4 inch front pipes are usually custom made, quite a few of our cars have them,

Rob


----------



## mattysupra (Oct 31, 2008)

does anyone know the actual size of these things. I can only find the length and diameter. Need to know the height that they sit.


----------



## souroull (Jul 21, 2008)

if you want to mount it horizontally its going to be length x width x height, with width and height = the diameter

the biggest accusump in that site is 22 long 4 1/4 diameter which would make it 22"x 4.25" x 4.25"

if you mount it upright the length becomes the height and the other 2 remain the same as diameter.


----------



## mattysupra (Oct 31, 2008)

thanks. Maths was never my strong point LOL


----------



## souroull (Jul 21, 2008)

haha i bet you confused diameter with circumference


----------



## kismetcapitan (Nov 25, 2005)

Piggaz said:


> a bit off topic... 4 inch front pipes??? Ive NEVER seen them. Got a link?


let me see if I can't dig up a picture. The pipe is clearly marked "Mines" and after the two pipes merge into one, it's 4" diameter - my 3" ID decat pipe is actually a sort of restriction! On the other end, it bolts right up to my Tomei turbo elbows.


----------



## Lex DakarDatsun (May 22, 2002)

mattysupra said:


> Im sure i have seen a pic somewhere of it mounted to the front of a 34.


On my 34 i have mine mounted vertically behind the drivers head light - sorry cant find a pic dude


----------



## kismetcapitan (Nov 25, 2005)

my exhaust (the muffler box has since been deleted and replaced with straight pipe:


----------



## chris.deyoung (Dec 28, 2008)

Whats the service life on an accusump?


----------



## mattysupra (Oct 31, 2008)

souroull said:


> haha i bet you confused diameter with circumference


Yes i had mate, someone p.med me with my error!


----------



## XashskylineX (Jun 25, 2013)

Bringing a bit of a old topic back to life :wavey:????


What sort of power is this kit needed for ???? 


I have bought a GT-R 34 and its running on 1.3 bar boost and 540HP with no extended sump, 


what would you  Skyline gurus say ????


----------



## rogerdavis (Feb 16, 2008)

Not 4" or 100mm ...its 70mm into 80mm is the mines pipe.


----------



## rockabilly (Oct 15, 2003)

XashskylineX said:


> Bringing a bit of a old topic back to life :wavey:????
> 
> 
> What sort of power is this kit needed for ????
> ...



its nothing to do with power mate. its to do with cornering speed/grip. simples.


----------



## simon tompkins (Aug 14, 2005)

i would most definitely get an extended sump especially with the rb engine as this engine does have a habit of spinning bearings,due to a sudden lack of oil starvation,which is not the most pleasant experience i can tell you,with regard to an accusump if you do a lot of track time i would say you would be crazy not to fit one for the extra peace of mind,ideally have both i do live across the road from brands hatch and most dedicated track cars i see there have an accusump.


simon


----------



## markM3 (Jan 7, 2008)

I live in surrey which has loads of speed bumps, so I would be wary of an extended sump even though my GTR isn't that low. I have a Tomei baffle & accusump fitted.

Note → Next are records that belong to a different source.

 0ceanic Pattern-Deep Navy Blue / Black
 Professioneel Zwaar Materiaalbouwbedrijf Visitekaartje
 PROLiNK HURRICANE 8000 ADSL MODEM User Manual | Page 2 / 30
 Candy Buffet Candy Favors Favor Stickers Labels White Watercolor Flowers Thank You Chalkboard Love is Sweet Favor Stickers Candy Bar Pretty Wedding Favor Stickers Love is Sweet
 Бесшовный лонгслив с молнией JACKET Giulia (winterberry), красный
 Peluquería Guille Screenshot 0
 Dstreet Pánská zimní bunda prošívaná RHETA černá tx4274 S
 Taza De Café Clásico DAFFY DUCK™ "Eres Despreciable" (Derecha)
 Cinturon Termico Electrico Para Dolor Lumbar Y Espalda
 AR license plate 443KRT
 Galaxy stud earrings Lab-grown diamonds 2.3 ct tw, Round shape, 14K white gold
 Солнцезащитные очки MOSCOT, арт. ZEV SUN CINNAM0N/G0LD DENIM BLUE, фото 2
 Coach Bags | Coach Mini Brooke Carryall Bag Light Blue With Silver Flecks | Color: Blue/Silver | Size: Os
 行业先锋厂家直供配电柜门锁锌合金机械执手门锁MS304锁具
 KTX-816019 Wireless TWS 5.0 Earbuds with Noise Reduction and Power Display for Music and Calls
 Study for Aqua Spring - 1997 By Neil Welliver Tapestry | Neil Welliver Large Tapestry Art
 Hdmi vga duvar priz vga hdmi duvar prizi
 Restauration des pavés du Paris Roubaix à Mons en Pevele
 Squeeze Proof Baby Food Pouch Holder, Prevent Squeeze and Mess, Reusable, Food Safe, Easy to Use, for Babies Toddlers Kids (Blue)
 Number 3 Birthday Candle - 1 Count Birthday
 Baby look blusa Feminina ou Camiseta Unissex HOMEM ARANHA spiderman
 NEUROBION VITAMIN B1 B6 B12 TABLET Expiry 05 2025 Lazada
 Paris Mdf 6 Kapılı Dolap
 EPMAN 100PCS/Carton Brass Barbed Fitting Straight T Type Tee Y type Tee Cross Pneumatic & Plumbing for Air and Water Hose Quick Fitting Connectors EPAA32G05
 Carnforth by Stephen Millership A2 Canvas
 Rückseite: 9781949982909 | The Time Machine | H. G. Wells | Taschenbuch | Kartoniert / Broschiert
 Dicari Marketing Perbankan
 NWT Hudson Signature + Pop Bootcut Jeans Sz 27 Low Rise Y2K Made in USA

If you live where there aren't too many speed humps, then deeper sump would be good.


----------



## Piggaz (Sep 5, 2002)

Just get a decent one made up which is no lower than the cross member. Mine holds 9.5 litres and is not the lowest point.


----------



## Cris (Sep 17, 2007)

markM3 said:


> I live in surrey which has loads of speed bumps, so I would be wary of an extended sump even though my GTR isn't that low. I have a Tomei baffle & accusump fitted.
> 
> If you live where there aren't too many speed humps, then deeper sump would be good.


Exactly the reason I didn't fit a bigger sump.


----------



## Piggaz (Sep 5, 2002)

9.5 litre which is nowhere near the lowest point under the car.


----------



## Satansbodyguard (Oct 29, 2007)

Piggaz said:


> 9.5 litre which is nowhere near the lowest point under the car.


do you have any more pic's 

Nigel :thumbsup:


----------



## Cris (Sep 17, 2007)

Piggaz said:


> 9.5 litre which is nowhere near the lowest point under the car.


Could be my eye but is the sump plug not the lowest part of the sump there?

Is that a 'brand' item or 'home-made'. Either way looks safer than the others I saw.


----------



## Piggaz (Sep 5, 2002)

Cris said:


> Could be my eye but is the sump plug not the lowest part of the sump there?
> 
> Is that a 'brand' item or 'home-made'. Either way looks safer than the others I saw.


"Racepace Motorsport" in Melbourne, Australia.


----------